It Pays to Increase Your Word Power is the title of a long-running Reader’s Digest column. But I prefer to crazy-glue a terse codicil to the tail of that title: “It pays to increase your word power with words you will seldom use.” Concerning the pragmatic selection of vocabulary, my public-school teachers hymned in unison the stern injunction to “always use the shorter, clearer word.” Piffle, poppycock and twaddle! My father, my best teacher of English by far, always countered that drab command with his own: “No. Always use the obscure, long-winded word.” Not only will you learn a new word but you will flummox ordained pedagogical authority—to the young learner, life’s most delightful revolt. All this will you accomplish in one word-picking gesture that will befuddle the fuddy-duddies of verbal orthodoxy and befoul their too tidy nest of complacent word selection.

Why learn odd words? The acquisition of esoteric vocables limbers up the word tissue in the old noggin, quickens one’s verbal recognition quotient, and lets one strut before the glumly monosyllabic herd one’s innate and ornate word-pride. Snobbery? Mais oui!

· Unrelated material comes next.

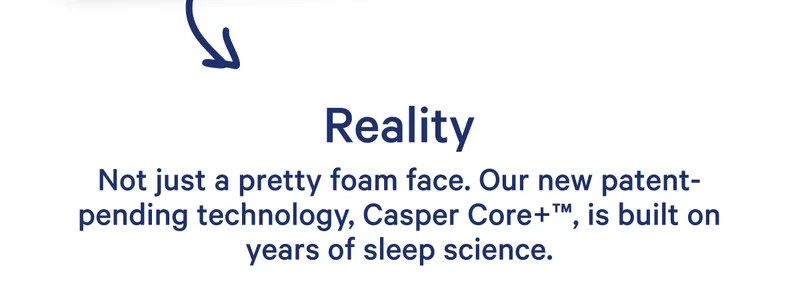 Reality; Not just a pretty face. Our new patent-pending technology, Casper Core+, is built on years of sleep science.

Thus, from time to time, I propose to share my recondite treasures, both wee words and polysyllabic monstrosities of logorrheic sesquipedalianism. Today the bill of fare and in a sense, the fare of Bill, consists of small words. From the tenebrous realm of obscurity, I now pluck tiny stalwarts to thwart your word power, at the same time that I make it burgeon.

A dobdob is a ‘punk monk’ in a Tibetan lamasery (from Tibetan Idob Idob). The bedraggled dobdob is first shown in classes that he is too much the dullard ever to become a learned Buddhist monk. Consequently he is set to perform the lowliest functions of Tibetan monastic life: cleaning from stables the ordure of yaks, policing the more obstreperous lama candidates, and shooting down the criminal element in unruly Tibetan kite-makers.

I delight in the reduplicative bliss of the word dikdik. A dikdik is a tiny, dainty-hooved African antelope. Have you heard of the antelopes that leap backwards? The postelope and the retrolope.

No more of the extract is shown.